Llevaban puestos esos trajes de cuerpo completo para cubrirlos del polvo, cosa que el obrero del Salvador comentó que deseaba comprar para su hermano que cosecha maicillo de vuelta en su tierra de origen. Es un trabajo muy difícil, pues mancha la piel y genera una picazón insoportable, pero se vende bien pues engorda rápido a los cerdos. Jesús nunca ha comido pescado que no sea frito, solo ha escuchado de que hay mil formas de prepararlo pero no que él haya probado. Nos contó de asuntos sexuales también. Y luego comentaron sobre un video de decapitación, cortesía de un cartel mexicano. A Jesús le causó algo de gracia, no la aprehensión natural al ver como machetean una garganta.

El video de la ejecución le hizo suficiente recuerdo como para elaborar un número de experiencias de guerra que padeció durante el conflicto civil de El Salvador, librado entre la Fuerza Armada de El Salvador (FAES) y el Frente Farabundo Martí para la Liberación Nacional (FMLN) desde 1980 y 1992. Según Jesús, era tremenda mierda, dar bala y cuchilla, porque te meten al cuartel, te tratan como a un animal de lo más desagradable, haciendo que te encabrones por la humillaciones, y luego te sueltan como perro rabioso a que sueltes la furia con las pobres almas que se te crucen. “Uno debería matarlos a ellos, pero en cambio le damos fusil a otros que nada tienen que hacer” decía, “y para qué? Si luego nos fuimos a dar cuenta que las guerrillas eran todos hijos de pobres, gente humilde, gente de campo. Ellos no tenían nada en contra de nosotros; ellos querían matar a esos ricos hijueputaj que nos hacen pelear, hacen discursos de que uno es enemigo de otro, y entre ellos se juntan para cenar en restaurantes de lujo, uno como imbécil matando por nada, porque solo los pobres vamos a pelear por ninguna razón. Cuándo ves a uno de esos jeñoritos haciendo de bobo valiente? No, carnal, a esos no les importa nada uno de nosotros, solo su dinero.” Esa era su visión del mundo y de la guerra en su país: los ricos jugando a oligarcas, a protectores del orden y a los negocios, y los pobres cometiendo crímenes contra la vida por órdenes de ellos contra sus propios compatriotas.

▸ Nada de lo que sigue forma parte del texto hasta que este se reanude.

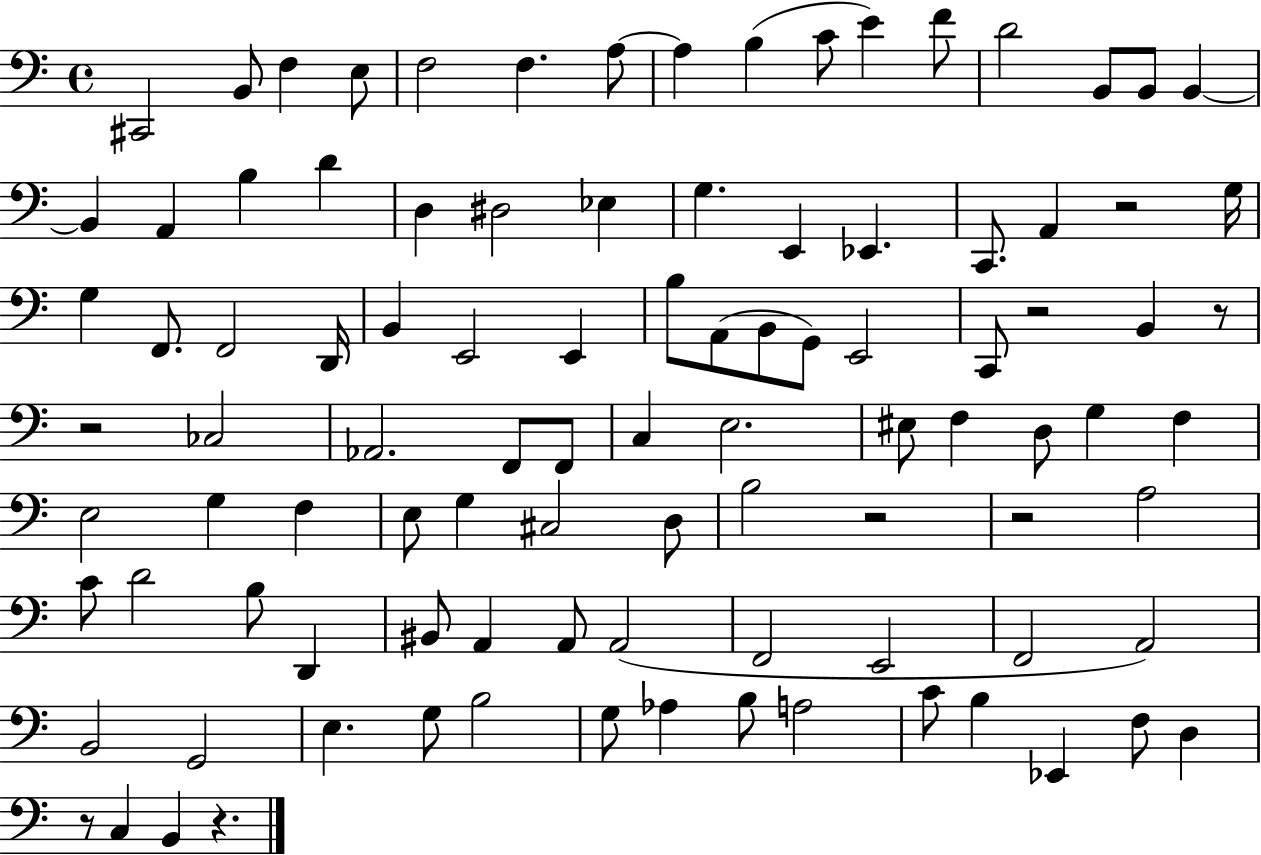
{
  \clef bass
  \time 4/4
  \defaultTimeSignature
  \key c \major
  \repeat volta 2 { cis,2 b,8 f4 e8 | f2 f4. a8~~ | a4 b4( c'8 e'4) f'8 | d'2 b,8 b,8 b,4~~ | \break b,4 a,4 b4 d'4 | d4 dis2 ees4 | g4. e,4 ees,4. | c,8. a,4 r2 g16 | \break g4 f,8. f,2 d,16 | b,4 e,2 e,4 | b8 a,8( b,8 g,8) e,2 | c,8 r2 b,4 r8 | \break r2 ces2 | aes,2. f,8 f,8 | c4 e2. | eis8 f4 d8 g4 f4 | \break e2 g4 f4 | e8 g4 cis2 d8 | b2 r2 | r2 a2 | \break c'8 d'2 b8 d,4 | bis,8 a,4 a,8 a,2( | f,2 e,2 | f,2 a,2) | \break b,2 g,2 | e4. g8 b2 | g8 aes4 b8 a2 | c'8 b4 ees,4 f8 d4 | \break r8 c4 b,4 r4. | } \bar "|."
}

No todas las guerras son así, o al menos no eran así. Alguna vez las guerras, entre naciones o civiles, sirvieron un gran propósito: orgullo nacional, conquista y poder, o la contienda de valores y principios. Pero la verdad es que muy pocas guerras pueden ser justificadas, y la del Salvador no cumplió mayor propósito. Al final, las fuerzas gubernamentales y grupos paramilitares de extrema derecha (como los escuadrones de la muerte) fueron responsables de casi todos los casos de homicidio, violación, tortura, desaparición y más, mientras que la guerrilla sería responsable de poco más del 10% de los crímenes contra civiles.

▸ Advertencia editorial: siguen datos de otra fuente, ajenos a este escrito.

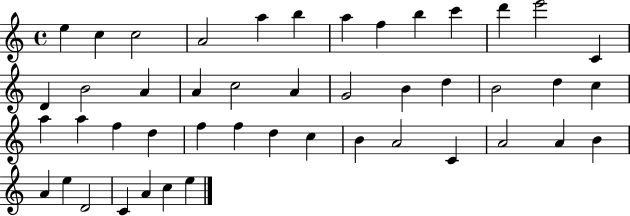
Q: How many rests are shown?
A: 0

Me fui de esa casa quemada con un relato de guerra desde una perspectiva ya conocida, pero que tiene más fuerza cuando ves la convicción y desilusión con la que la cuenta un hombre que se hizo un tanto indolente por vivir esos infiernos. Tal vez su ignorancia de asuntos políticos le ayuda a simplificar en negro y blanco lo vivido, haciendo más fácil el mundo. Un hombre de campo, de machismo y misoginia, al que le inculcaron que esta vida es para sobrevivirla, no vivirla, puede que le sea más llevadero que a otros. Veteranos de Estados Unidos parecen sufrir más al volver a casa, porque esperan más clemencia del mundo, y terminan locos al punto del terrorismo y suicidio.

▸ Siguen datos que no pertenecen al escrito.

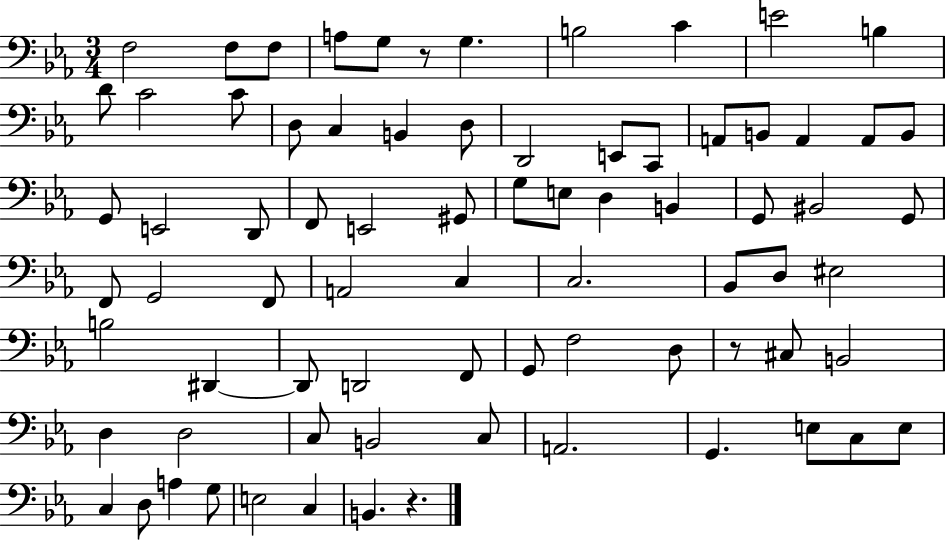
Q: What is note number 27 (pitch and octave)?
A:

Al fin, Jesús dejó su país, el cual extraña, a diferencia de otros que vienen y se acostumbran a las comodidades y buenos salarios que encuentran acá. Los que migraron lo hicieron porque su tierra no les ofrecía nada, pero el sangrar por esa tierra te deja unido a ella, aunque el resultado del vínculo no sea benigno, de todas formas te ata.